Foto: Julia M. Müller

Der deutsche Regisseur und Hollywoodexport Robert Schwentke (Flightplan, Die Bestimmung) hat sich für Der Hauptmann einer wahren Begebenheit angenommen: In den letzten Wochen des Zweiten Weltkriegs fand der ehemalige Schornsteinfeger und Deserteur Willi Herold eine Kiste mit einer Hauptmannsuniform, scharte rund ein Dutzend Gefolgsleute um sich und errichtete als "Henker vom Emsland" ein Schreckensregiment in einem Strafgefangenenlager. Mehr als hundert Gefangene fielen Herolds Tötungsmaschinerie zum Opfer. Von einem deutschen Militärgericht zunächst freigesprochen, wurde Herold schließlich von den Briten verurteilt und 1946 hingerichtet.

"Die Lage ist immer das, was man daraus macht", so Herold. Mit dem Hauptmann von Köpenick, der wahren Geschichte des legendären Hochstaplers vor dem Ersten Weltkrieg, teilt Der Hauptmann indes nur die Idee der Camouflage und jene von der Uniform als Deckmantel. Was Schwentkes Film vielmehr bestimmt, ist die alte Faszination des Bösen – und dessen sukzessive Steigerung. Kann es möglich sein, dass die Anverwandlung dazu führt, in einem mörderischen System aufzugehen? Der Hauptmann liefert die entsprechende Antwort allerdings nur begrenzt.

Robert Hofmann

Denn Schwentke fragt nicht nach den systematischen Ursachen der zunehmenden Gewaltbereitschaft, sondern reduziert die Erzählung ganz auf die Person Herolds, liefert mögliche Erklärungen allenfalls in dessen Größenwahn, Machtanspruch und ausgeprägtem Narzissmus.

Wenn Herold, nach seiner Wandlung, frisch gebügelt und mit glattrasiertem Bubengesicht, seinen ersten willfährigen Handlanger (Milan Peschel) rekrutiert, gehören die anfänglichen Unsicherheiten bald der Vergangenheit an.

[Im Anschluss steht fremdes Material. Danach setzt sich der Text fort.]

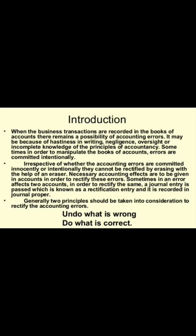So, what we have understood till now is that when the transactions are recorded in the books of accounts, a few errors may be committed by chance or intentionally. To correct these errors, the required steps to be taken will be discussed further.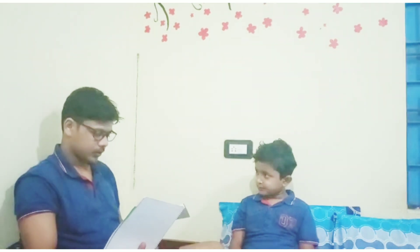Bhubaneswar. Odisha — Chandigarh. Punjab — Chandigarh.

Beim ersten öffentlichen Auftritt "mit persönlicher Vollmacht des Führers" im Dorfgasthaus schmecken Braten und Bier, und auch deshalb wird ein von den Dörflern aufgebrachter Plünderer zu Herolds erstem Opfer.

Rhetorisches Kräftemessen

Es sind die Lust an der Macht und die Befürchtung der Enttarnung, die in Schwentkes Interpretation diese Figur antreibt. Für Herold gibt es keine Umkehr – nicht weil sie unmöglich wäre, sondern weil sie seiner neuen Rolle nicht entspricht. Jede Begegnung, mit Soldaten, die sich in seinen Dienst stellen, oder echten anderen Offizieren, gleicht einem rhetorischen Kräftemessen, bei dem Herold den besseren Instinkt beweist.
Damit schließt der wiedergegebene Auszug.